(Task inputs)
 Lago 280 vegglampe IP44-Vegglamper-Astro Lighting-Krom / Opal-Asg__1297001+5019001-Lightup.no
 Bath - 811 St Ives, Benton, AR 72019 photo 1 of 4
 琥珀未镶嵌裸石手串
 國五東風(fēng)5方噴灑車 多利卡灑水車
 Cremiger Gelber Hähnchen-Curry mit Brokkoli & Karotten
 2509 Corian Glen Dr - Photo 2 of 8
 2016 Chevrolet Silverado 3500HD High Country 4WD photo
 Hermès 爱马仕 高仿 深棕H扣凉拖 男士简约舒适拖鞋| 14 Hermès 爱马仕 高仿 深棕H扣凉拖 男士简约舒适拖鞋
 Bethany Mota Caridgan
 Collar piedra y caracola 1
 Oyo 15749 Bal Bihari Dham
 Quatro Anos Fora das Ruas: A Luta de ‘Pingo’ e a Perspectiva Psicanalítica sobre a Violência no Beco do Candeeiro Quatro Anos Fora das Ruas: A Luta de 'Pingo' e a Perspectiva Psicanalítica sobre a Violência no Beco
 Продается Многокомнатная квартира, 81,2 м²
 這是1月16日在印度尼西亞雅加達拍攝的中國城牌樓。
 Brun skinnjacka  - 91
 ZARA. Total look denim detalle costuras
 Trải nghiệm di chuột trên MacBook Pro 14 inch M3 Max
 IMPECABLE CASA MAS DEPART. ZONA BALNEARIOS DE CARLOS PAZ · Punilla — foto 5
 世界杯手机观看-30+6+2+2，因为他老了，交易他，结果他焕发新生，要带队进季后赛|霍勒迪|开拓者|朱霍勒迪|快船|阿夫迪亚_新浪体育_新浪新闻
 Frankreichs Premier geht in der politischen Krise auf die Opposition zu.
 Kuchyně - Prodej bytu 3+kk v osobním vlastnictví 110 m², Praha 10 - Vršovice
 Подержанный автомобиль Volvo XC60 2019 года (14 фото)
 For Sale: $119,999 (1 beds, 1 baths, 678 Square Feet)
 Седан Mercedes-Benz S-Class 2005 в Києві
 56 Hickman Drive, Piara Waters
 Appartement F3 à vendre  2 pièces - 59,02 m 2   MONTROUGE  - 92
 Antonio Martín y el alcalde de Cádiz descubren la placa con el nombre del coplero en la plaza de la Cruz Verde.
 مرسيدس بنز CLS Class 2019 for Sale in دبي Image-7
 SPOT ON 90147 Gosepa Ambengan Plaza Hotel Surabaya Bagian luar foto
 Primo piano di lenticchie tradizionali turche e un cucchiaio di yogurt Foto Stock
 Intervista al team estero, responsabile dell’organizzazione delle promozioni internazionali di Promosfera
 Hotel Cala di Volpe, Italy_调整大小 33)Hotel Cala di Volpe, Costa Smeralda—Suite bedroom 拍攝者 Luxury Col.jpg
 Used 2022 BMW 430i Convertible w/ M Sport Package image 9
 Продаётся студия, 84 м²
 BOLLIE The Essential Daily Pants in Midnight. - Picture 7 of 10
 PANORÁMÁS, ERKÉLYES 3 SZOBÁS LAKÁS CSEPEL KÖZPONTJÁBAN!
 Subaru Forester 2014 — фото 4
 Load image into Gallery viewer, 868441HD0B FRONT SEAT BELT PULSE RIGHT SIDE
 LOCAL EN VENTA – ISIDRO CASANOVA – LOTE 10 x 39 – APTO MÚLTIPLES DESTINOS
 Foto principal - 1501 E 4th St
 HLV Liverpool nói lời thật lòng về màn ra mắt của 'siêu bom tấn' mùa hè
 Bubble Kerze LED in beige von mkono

(Requirement) Among the lines of the preceding data, which ones hold the word "Class"? List them.

(Your solution)
 Седан Mercedes-Benz S-Class 2005 в Києві
 مرسيدس بنز CLS Class 2019 for Sale in دبي Image-7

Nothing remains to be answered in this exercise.